TASK GOAL = Pictures stay out of the copy. Transcribe exactly the lines from the line with "202_0712_011b Lancia-Ferrari R.jpg" through the final line of the records.

THE INPUT =
====
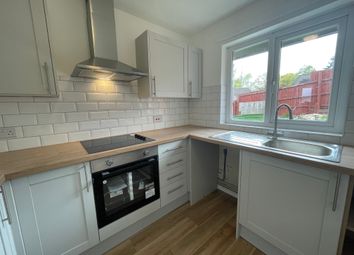 Thumbnail Semi-detached house to rent in Edison Crescent, Clydach, Swansea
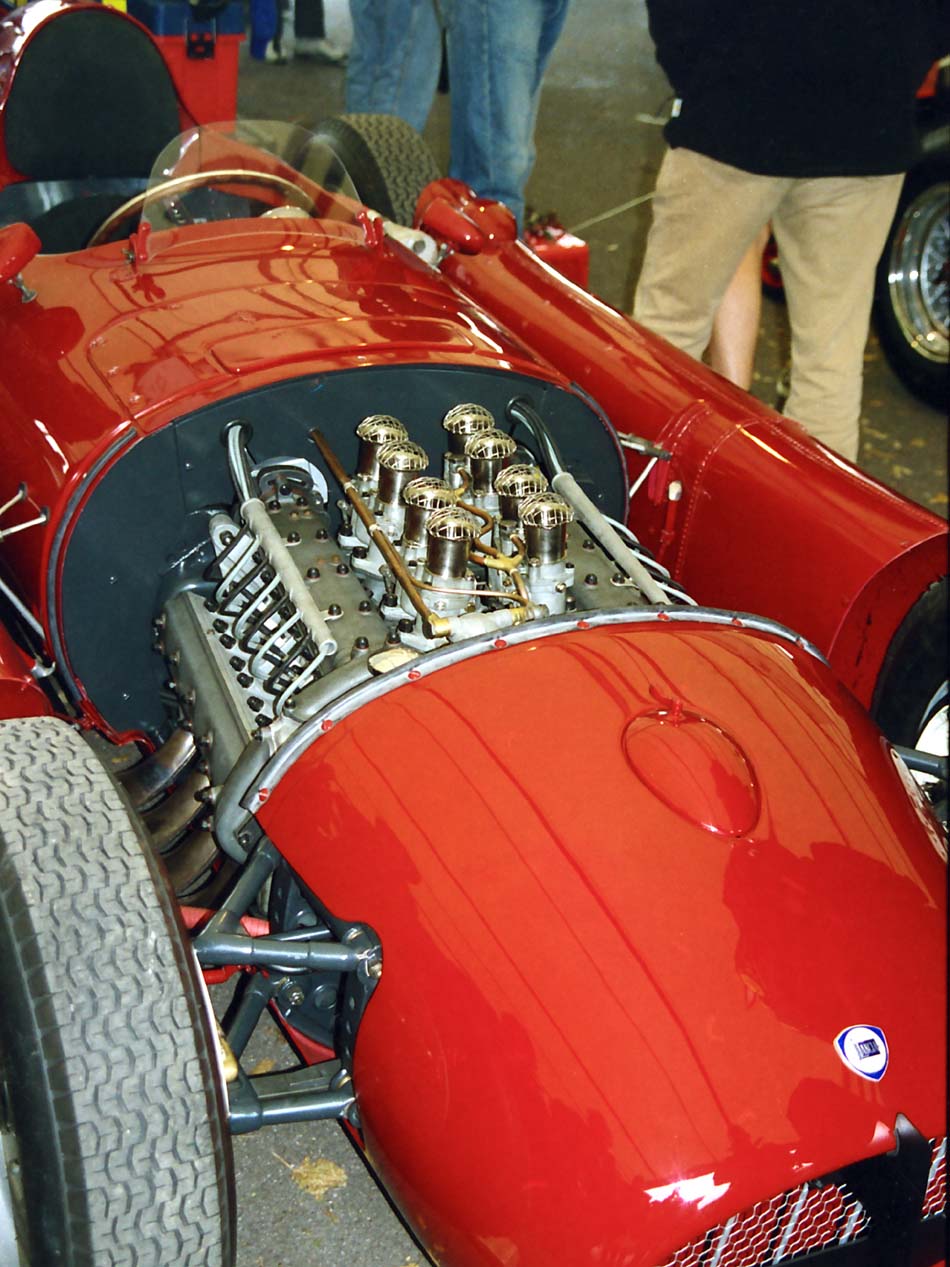 Name:  202_0712_011b Lancia-Ferrari R.jpg
Views: 1794
Size:  170.2 KB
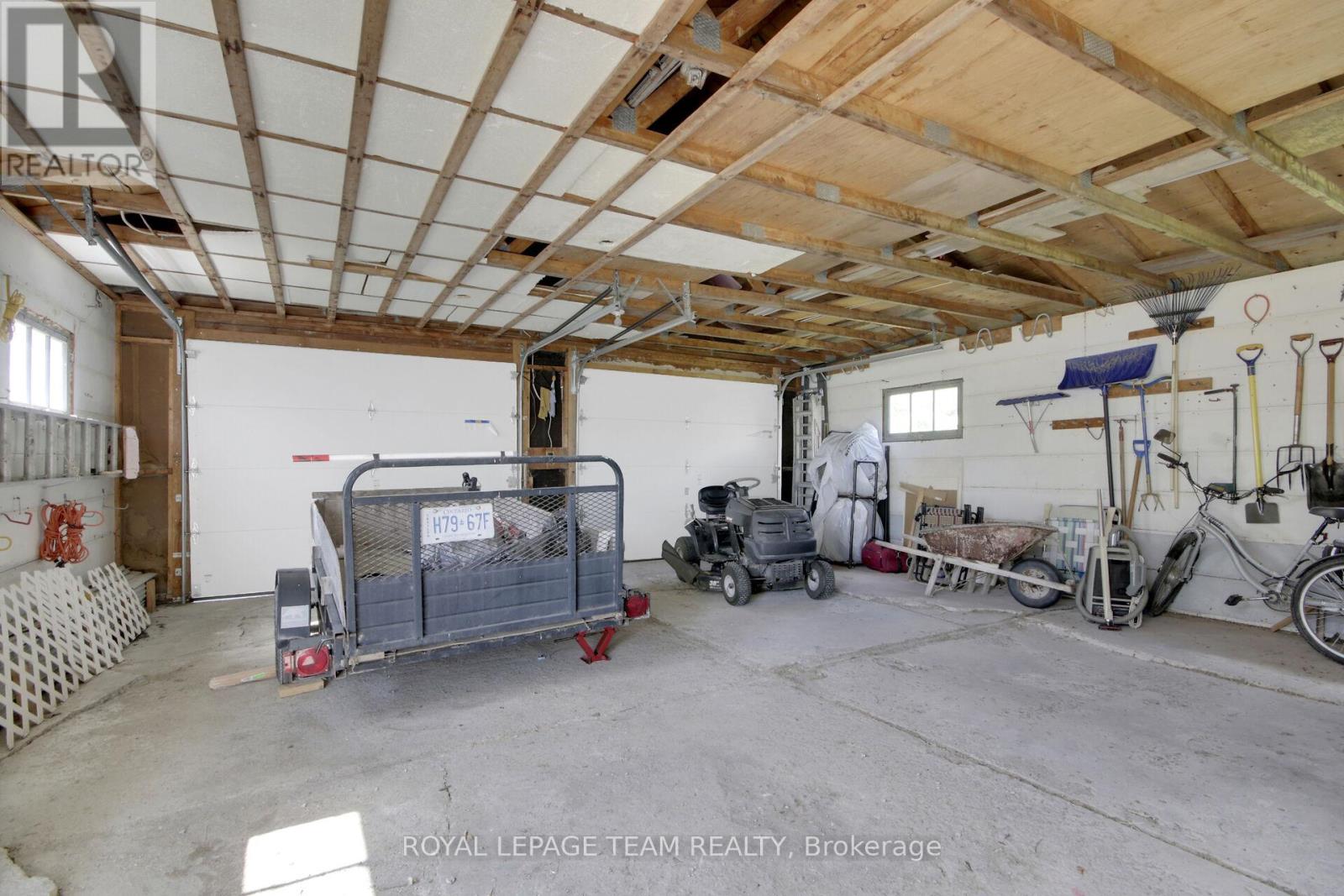 929 Munro Drive, Mcnab/braeside, Ontario  K7S 3G8 - Photo 38 - X13232878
====
THE COMPLETED TASK =
 Name:  202_0712_011b Lancia-Ferrari R.jpg
Views: 1794
Size:  170.2 KB
 929 Munro Drive, Mcnab/braeside, Ontario  K7S 3G8 - Photo 38 - X13232878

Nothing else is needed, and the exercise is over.